Dataset section =
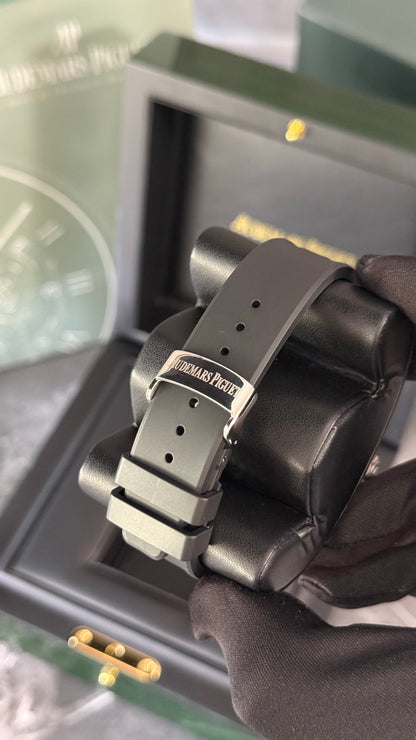 AP ROYAL OAK TURBILLON (PLATA/NEGRO)
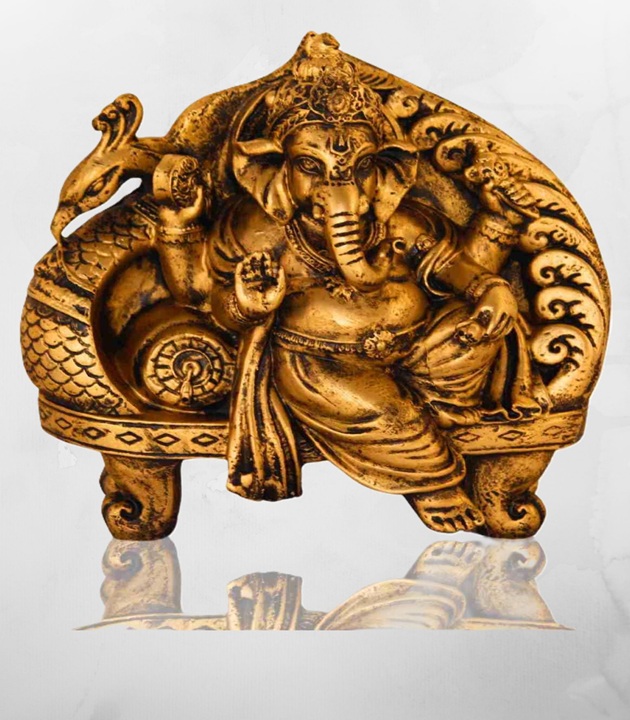 Handpainted-Blessing-Lord-Ganesha-with-Peacock-Decoraive1.jpg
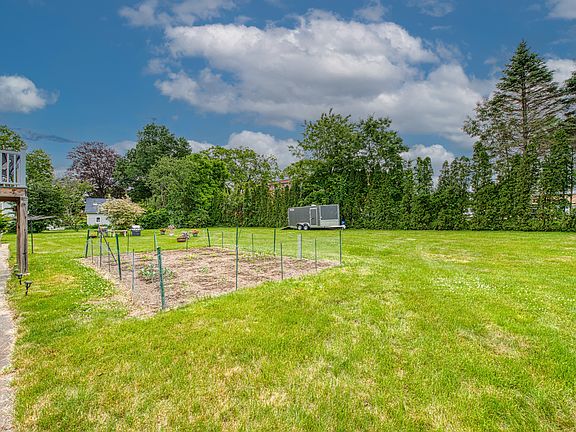 3rd image of 1A Hemlock Dr #3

Task brief = For this exercise, return the material word for word and drop each image.

Solution to this task =
 AP ROYAL OAK TURBILLON (PLATA/NEGRO)
 Handpainted-Blessing-Lord-Ganesha-with-Peacock-Decoraive1.jpg
 3rd image of 1A Hemlock Dr #3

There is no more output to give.